After a contentious hearing, Bay’s nomination was approved by a 13-9 vote. The nomination of LaFleur, currently the acting chair, advanced by a 21-1 vote.
President Barack Obama has said he intends to elevate Bay, who joined FERC in 2009 as head of its enforcement division, to chairman once he is confirmed by the Senate.
Most Republicans voted against Bay, taking their lead from Alaska’s Lisa Murkowski, her party’s senior member on the panel.
It is unclear when the full Senate will consider the nominations for FERC, which regulates elements of the U.S. natural gas, electricity, oil and hydropower industries, including the reliability of the electricity grid.
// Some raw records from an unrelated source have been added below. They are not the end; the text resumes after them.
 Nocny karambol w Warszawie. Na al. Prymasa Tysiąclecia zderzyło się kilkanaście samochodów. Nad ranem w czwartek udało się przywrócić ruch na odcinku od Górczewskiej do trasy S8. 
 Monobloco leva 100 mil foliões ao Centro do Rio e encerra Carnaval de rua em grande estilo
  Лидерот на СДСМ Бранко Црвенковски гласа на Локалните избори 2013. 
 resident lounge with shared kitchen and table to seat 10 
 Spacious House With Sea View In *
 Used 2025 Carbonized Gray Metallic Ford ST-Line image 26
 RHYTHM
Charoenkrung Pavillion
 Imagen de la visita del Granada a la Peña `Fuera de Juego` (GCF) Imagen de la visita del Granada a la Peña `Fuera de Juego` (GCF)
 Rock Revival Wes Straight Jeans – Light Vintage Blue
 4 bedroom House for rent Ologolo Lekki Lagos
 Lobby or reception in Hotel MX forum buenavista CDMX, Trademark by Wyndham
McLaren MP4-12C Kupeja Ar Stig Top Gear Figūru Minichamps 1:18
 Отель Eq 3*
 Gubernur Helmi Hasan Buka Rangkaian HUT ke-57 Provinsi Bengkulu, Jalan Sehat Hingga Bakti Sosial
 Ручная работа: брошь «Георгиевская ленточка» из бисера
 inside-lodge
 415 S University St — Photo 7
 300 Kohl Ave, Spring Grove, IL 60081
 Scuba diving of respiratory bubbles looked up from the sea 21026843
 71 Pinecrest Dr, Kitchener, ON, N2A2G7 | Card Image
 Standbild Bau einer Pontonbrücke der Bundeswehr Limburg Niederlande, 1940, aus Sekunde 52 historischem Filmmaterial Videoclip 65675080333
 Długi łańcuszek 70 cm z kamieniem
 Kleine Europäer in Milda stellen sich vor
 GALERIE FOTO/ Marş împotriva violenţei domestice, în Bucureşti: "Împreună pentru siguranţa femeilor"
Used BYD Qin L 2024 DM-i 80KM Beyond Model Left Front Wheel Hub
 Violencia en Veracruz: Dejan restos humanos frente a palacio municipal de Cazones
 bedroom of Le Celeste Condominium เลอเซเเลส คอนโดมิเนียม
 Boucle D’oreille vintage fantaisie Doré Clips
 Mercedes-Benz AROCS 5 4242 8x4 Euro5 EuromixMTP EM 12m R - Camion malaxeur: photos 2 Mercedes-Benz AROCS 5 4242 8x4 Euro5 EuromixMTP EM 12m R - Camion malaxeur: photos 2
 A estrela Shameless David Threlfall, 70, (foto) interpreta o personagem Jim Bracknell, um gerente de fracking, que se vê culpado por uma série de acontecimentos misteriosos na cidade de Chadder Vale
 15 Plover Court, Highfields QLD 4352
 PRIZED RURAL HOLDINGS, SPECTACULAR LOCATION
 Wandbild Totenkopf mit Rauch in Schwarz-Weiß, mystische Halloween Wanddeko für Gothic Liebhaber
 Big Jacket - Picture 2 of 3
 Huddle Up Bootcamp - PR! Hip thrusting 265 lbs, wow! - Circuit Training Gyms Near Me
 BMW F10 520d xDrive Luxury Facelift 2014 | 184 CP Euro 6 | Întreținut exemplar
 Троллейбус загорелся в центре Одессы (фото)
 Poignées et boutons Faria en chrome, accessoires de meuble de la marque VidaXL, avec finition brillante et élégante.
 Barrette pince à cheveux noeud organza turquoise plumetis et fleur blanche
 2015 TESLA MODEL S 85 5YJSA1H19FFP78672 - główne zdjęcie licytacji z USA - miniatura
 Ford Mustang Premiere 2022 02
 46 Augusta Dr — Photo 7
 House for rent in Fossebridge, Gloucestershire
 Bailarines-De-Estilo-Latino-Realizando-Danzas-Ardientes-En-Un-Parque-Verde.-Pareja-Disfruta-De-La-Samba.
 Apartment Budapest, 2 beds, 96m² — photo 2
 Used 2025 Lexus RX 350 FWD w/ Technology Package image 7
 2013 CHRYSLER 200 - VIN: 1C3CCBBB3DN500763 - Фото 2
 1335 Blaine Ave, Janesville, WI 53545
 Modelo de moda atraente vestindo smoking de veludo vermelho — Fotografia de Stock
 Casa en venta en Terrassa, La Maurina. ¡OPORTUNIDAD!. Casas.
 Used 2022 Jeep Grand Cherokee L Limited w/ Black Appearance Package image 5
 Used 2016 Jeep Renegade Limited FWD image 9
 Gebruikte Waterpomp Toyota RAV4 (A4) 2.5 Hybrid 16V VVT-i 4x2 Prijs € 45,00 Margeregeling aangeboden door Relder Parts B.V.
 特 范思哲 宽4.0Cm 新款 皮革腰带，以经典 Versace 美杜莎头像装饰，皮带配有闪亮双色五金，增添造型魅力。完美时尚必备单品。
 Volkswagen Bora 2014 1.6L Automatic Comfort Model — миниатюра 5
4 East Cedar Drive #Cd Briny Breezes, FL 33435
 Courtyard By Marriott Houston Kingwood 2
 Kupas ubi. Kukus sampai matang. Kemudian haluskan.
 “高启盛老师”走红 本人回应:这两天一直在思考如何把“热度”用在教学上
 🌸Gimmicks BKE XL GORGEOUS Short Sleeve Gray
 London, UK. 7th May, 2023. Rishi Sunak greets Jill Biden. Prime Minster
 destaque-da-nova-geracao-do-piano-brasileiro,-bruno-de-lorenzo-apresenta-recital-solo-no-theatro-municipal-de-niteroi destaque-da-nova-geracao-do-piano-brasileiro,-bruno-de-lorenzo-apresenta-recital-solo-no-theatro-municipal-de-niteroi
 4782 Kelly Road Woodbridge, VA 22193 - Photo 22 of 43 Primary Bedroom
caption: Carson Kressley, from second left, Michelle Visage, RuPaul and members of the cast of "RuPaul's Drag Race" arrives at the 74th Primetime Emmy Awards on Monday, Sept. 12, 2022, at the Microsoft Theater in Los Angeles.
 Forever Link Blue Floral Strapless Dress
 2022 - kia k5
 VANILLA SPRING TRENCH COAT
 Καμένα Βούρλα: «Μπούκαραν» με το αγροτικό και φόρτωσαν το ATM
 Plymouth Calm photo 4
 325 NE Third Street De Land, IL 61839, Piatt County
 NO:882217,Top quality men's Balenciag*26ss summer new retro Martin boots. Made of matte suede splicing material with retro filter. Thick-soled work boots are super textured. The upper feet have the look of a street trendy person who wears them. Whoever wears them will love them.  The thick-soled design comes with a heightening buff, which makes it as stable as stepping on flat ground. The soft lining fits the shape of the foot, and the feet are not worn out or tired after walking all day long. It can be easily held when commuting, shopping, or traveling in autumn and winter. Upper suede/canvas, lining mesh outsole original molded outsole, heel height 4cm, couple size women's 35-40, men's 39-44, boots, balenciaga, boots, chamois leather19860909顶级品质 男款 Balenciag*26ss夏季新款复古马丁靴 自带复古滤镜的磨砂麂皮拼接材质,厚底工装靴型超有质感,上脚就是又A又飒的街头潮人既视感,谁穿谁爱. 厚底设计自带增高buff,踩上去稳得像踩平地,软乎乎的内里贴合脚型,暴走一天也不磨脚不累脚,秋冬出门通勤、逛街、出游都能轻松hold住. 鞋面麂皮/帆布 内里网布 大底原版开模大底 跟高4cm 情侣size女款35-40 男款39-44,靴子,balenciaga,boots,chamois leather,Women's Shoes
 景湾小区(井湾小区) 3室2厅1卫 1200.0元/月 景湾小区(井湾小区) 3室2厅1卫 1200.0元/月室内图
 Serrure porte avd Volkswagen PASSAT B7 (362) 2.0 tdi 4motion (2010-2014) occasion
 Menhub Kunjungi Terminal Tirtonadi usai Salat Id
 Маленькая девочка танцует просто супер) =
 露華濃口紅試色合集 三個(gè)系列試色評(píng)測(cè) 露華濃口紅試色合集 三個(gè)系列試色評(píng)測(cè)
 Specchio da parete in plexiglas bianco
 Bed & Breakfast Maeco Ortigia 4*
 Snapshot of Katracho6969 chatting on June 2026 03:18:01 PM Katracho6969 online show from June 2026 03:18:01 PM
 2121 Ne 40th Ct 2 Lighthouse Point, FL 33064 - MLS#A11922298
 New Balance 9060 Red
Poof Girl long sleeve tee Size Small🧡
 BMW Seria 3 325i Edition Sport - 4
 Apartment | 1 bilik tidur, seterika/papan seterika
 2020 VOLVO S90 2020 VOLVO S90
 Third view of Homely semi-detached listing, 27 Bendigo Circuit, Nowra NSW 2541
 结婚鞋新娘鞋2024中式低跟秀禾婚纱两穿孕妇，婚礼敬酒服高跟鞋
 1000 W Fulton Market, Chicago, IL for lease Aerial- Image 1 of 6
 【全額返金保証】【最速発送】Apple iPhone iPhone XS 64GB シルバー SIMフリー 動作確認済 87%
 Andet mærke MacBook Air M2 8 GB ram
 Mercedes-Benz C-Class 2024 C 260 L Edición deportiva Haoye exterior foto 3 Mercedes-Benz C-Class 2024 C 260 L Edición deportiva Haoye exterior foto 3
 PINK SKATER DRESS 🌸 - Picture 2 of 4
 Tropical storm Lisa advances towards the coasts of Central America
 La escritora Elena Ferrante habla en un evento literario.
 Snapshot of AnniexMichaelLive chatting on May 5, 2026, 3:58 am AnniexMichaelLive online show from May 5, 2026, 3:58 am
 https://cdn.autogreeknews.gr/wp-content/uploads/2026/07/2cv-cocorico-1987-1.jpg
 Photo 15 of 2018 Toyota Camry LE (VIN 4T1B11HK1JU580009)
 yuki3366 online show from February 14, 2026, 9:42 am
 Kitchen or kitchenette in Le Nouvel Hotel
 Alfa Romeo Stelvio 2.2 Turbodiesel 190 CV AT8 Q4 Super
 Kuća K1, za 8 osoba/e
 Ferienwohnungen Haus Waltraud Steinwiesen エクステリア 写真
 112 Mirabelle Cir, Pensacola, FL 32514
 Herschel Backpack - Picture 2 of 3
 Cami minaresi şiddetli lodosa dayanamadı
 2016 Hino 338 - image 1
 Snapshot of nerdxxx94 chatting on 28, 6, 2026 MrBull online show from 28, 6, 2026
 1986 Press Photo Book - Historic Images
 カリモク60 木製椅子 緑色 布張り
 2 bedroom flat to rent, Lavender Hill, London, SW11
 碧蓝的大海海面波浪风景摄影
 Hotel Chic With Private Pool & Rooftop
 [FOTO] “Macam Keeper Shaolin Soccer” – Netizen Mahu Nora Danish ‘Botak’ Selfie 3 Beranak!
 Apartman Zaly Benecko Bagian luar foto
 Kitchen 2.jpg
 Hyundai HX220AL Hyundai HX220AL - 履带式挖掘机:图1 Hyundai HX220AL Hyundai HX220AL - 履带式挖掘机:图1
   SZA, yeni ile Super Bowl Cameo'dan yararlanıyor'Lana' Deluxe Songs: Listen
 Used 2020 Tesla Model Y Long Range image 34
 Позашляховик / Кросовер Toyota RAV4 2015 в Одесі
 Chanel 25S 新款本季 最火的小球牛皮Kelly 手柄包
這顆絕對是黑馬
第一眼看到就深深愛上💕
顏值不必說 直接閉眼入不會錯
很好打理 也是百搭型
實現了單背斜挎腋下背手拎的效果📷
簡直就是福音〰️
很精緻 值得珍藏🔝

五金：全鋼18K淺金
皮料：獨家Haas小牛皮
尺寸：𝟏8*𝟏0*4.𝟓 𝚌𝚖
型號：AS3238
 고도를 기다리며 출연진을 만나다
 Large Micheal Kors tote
Bay is a former federal prosecutor and law professor at the University of New Mexico. At FERC, he has led investigations into energy trading practices at major Wall Street banks.
Murkowski has pushed hard for LaFleur, with a deep background in utility regulation, to be named to the top job at FERC, which she has held on an acting basis since November.
Bay ”is clearly a learned man, but does he have the experience in the energy policy and regulatory policy that FERC deals with on a day-to-day basis? I haven’t been convinced,“ Murkowski said. I‘m not interested in someone in charge of FERC doing on-the-job training,”
Senator Joe Manchin, Democrat of West Virginia, said he understood the White House would retain LaFleur as acting chair for nine months before Bay took over.
But Murkowski said she had not received that assurance from the administration.
LaFleur was first nominated to FERC by Obama in 2010 after two decades in the electric and natural gas industries, including a spell as acting chief executive of National Grid USA. Her FERC term expires this month.
The agency has been without a permanent head since Jon Wellinghoff departed in November.
Obama’s first choice as replacement, Colorado regulator Ron Binz, withdrew from consideration in October after it became clear his nomination was unlikely to clear the energy panel.
Binz was criticized by some conservative groups as favoring renewable energy sources like wind over coal and natural gas.